- **Your goal**
Pictures in the material below are to be left out, and only the lines from the line with "Menorasaurus T Rex" up to and including the line with "Dachshund Through The" are to be written out exactly.

- **Task input**
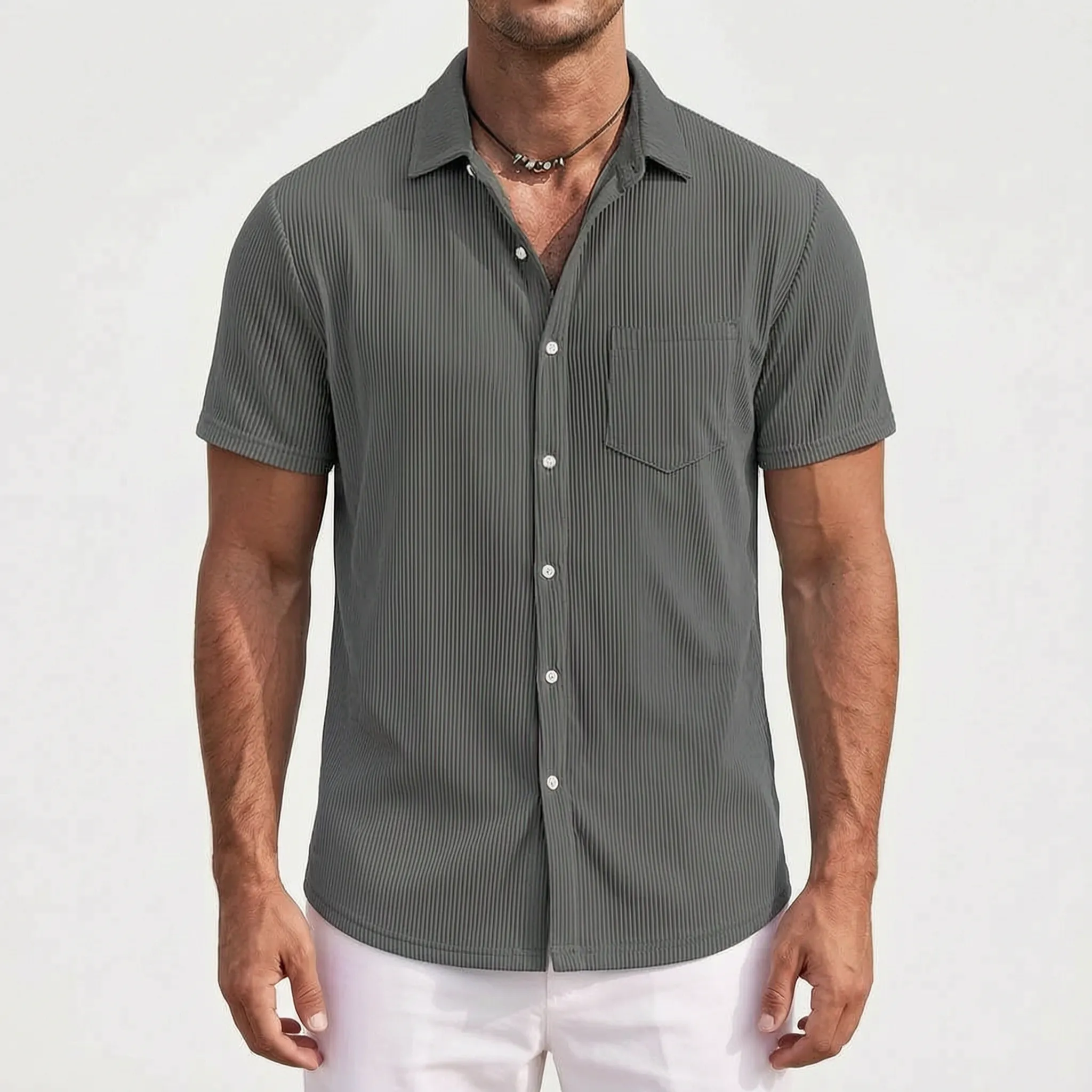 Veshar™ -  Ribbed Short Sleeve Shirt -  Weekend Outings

* * *

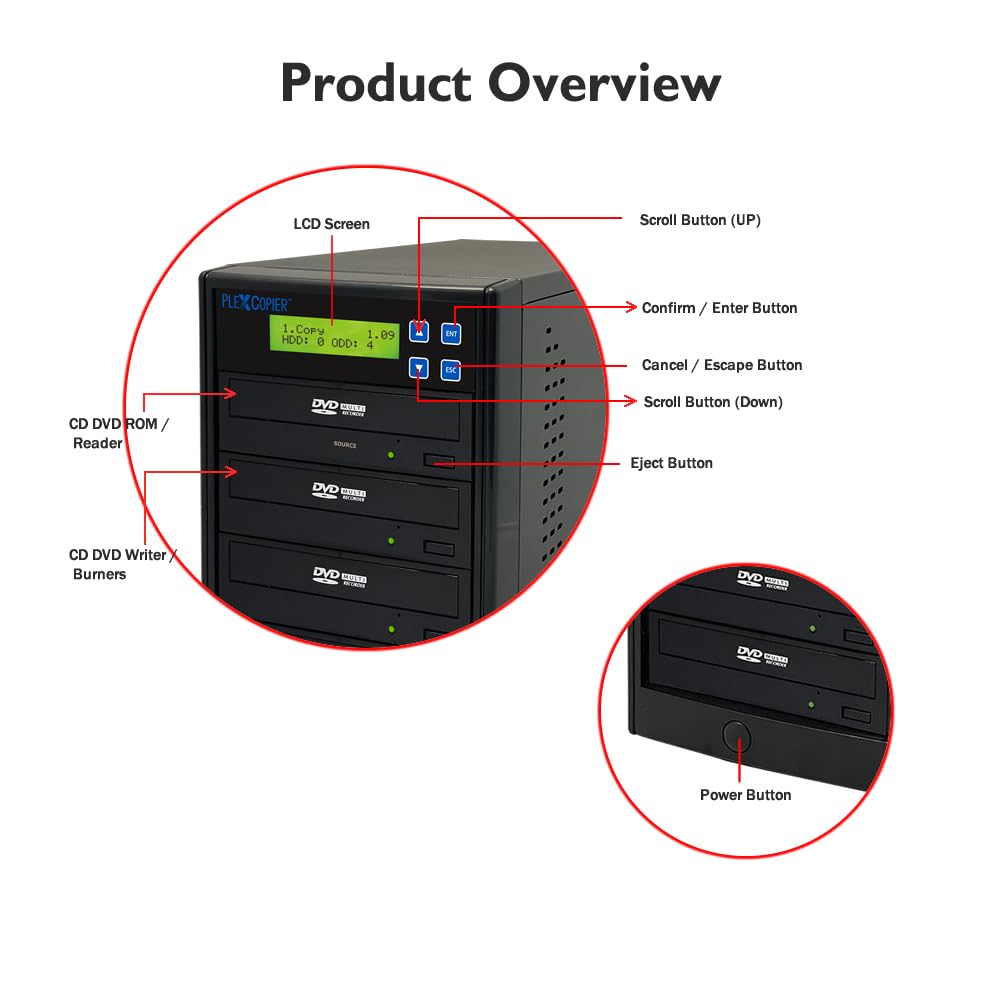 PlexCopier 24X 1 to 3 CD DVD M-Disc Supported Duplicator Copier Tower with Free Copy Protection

==

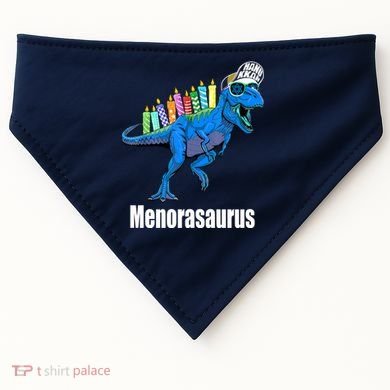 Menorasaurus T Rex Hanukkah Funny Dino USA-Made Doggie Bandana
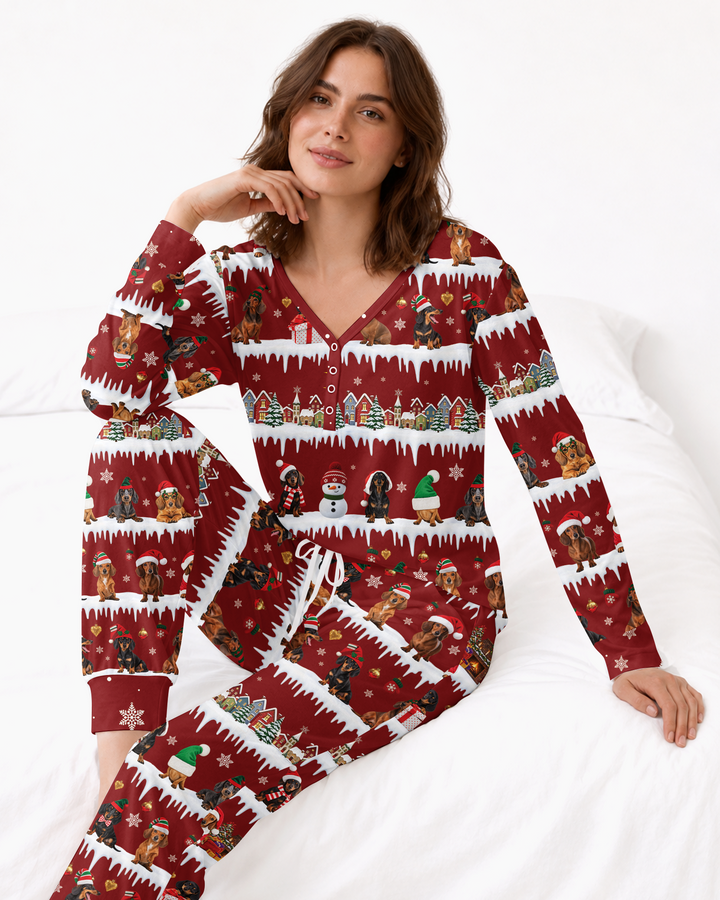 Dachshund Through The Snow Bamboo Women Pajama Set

- **Solution to this exercise**
 Menorasaurus T Rex Hanukkah Funny Dino USA-Made Doggie Bandana
 Dachshund Through The Snow Bamboo Women Pajama Set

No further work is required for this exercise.